A "hit" means the reviewer produced a finding on the same file (and ideally same function/region) that was later changed in the follow-up fix.

#### False Positive Rate (on clean PRs)
Sample 5 clean PRs and run the same reviewers:
```
false_positives = P1 or P2 findings on PRs that had no post-merge issues
fp_rate = false_positives / total_findings_on_clean_prs
```

#### Noise Score
```
noise = total P3 findings across all reviewed PRs / total PRs reviewed
```
High noise means the reviewer prompt is too sensitive.

### Step 5: Generate scorecard

```markdown
## Review Quality Scorecard — {repo}

**Period:** {date range} | **PRs analyzed:** {N} ({clean}/{fixed}/{reverted}/{flagged})

### Reviewer Effectiveness

| Reviewer | Triggered | Hits | Misses | Hit Rate | FP Rate | Noise | Grade |
|----------|-----------|------|--------|----------|---------|-------|-------|
| dotnet-reviewer | 12 | 3 | 2 | 60% | 15% | 1.2 | B |
| python-reviewer | 8 | 4 | 0 | 100% | 10% | 0.8 | A |
| config-safety | 5 | 1 | 3 | 25% | 40% | 3.1 | D |
| test-coverage | 15 | 2 | 5 | 29% | 20% | 2.5 | C |
| ... | | | | | | | |

**Grading:** A (hit>=80%, fp<=15%) | B (hit>=60%, fp<=25%) | C (hit>=40%, fp<=35%) | D (below C)

### Blind Spots (bugs no reviewer caught)

{List PRs where ALL triggered reviewers missed the issue that was later fixed}

- **PR #{N}: {title}** — Fixed by #{M}. Changed `{file}`. No reviewer flagged `{problem area}`.
  **Suggested new rule for {best_matching_reviewer}:** {specific rule that would have caught this}

### Noisy Reviewers (high false positive / low signal)

{List reviewers with grade D or noise > 3.0}

- **{reviewer}** — {noise} P3s per PR, {fp_rate}% false positives
  **Suggestion:** {specific prompt tightening recommendation}

### Prompt Improvement Suggestions

For each reviewer with grade C or below, provide:
1. The specific pattern it missed (from the blind spots analysis)
2. A concrete addition to the reviewer prompt that would catch it
3. Any rules that should be removed (causing false positives)

Format as a diff against the current reviewer prompt:
\`\`\`diff
--- a/reviewers/{name}.md
+++ b/reviewers/{name}.md
@@ ...
+ New rule: Check for {pattern} when {condition}
- Remove: Overly broad rule about {thing}
\`\`\`
```

### Step 6: Save results

Write the scorecard to `~/.codex/learnings/review-evals/{repo}-{date}.md` for future reference.

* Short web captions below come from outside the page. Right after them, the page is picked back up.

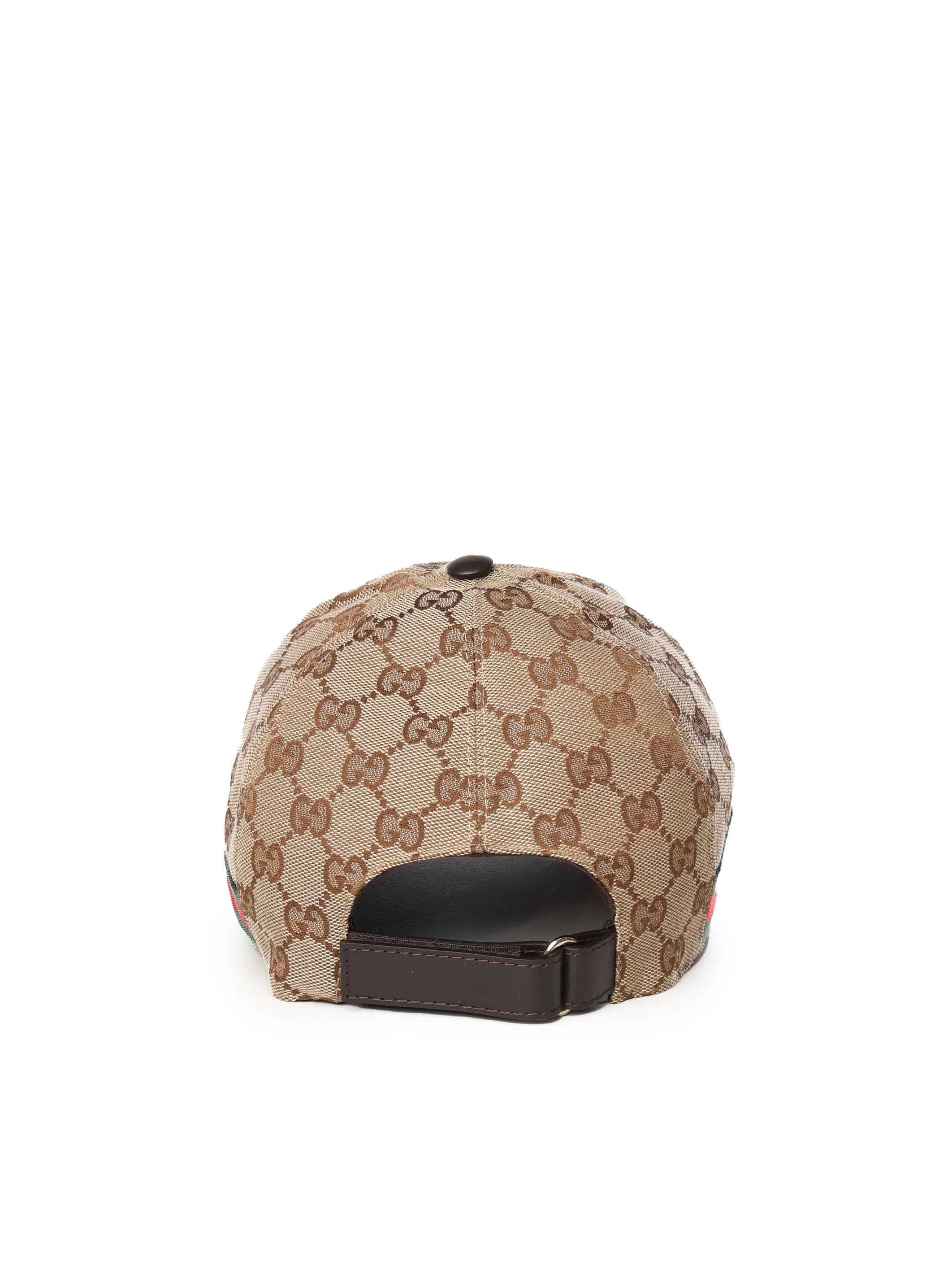 200035 KQWBG9791 GUCCI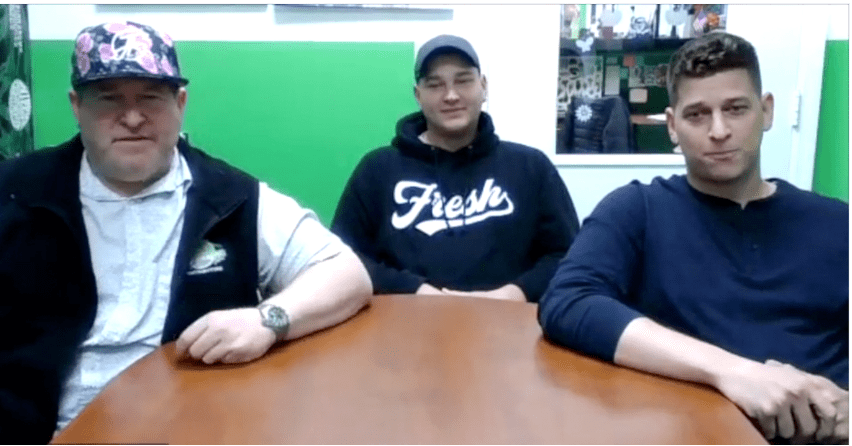 VIDEO: Five Minutes With Jet Fresh Flower Distributors On Company Culture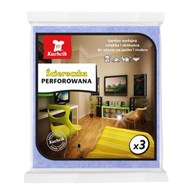 Ścierka Perforowana opk 3szt 3222 Kuchcik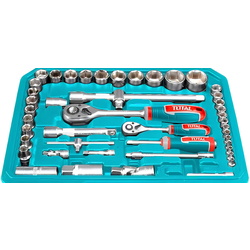 Set scule Total THT421942 Thumb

If the learnings database (`~/.codex/learnings/learnings.jsonl`) exists, append any blind spots as new learnings entries so the `learnings-check` reviewer can catch them in future reviews.

## Notes

- This is expensive (runs many reviewer agents). Use judiciously — monthly or after a production incident.
- The quality of scoring depends on git history quality. Squash-merged repos with poor commit messages will have lower signal.
- PRs with follow-up fixes within 24 hours are the strongest signal. 14-day fixes may be coincidental.
- This skill does NOT modify reviewer prompts automatically. It suggests changes — you apply them manually after reviewing the suggestions.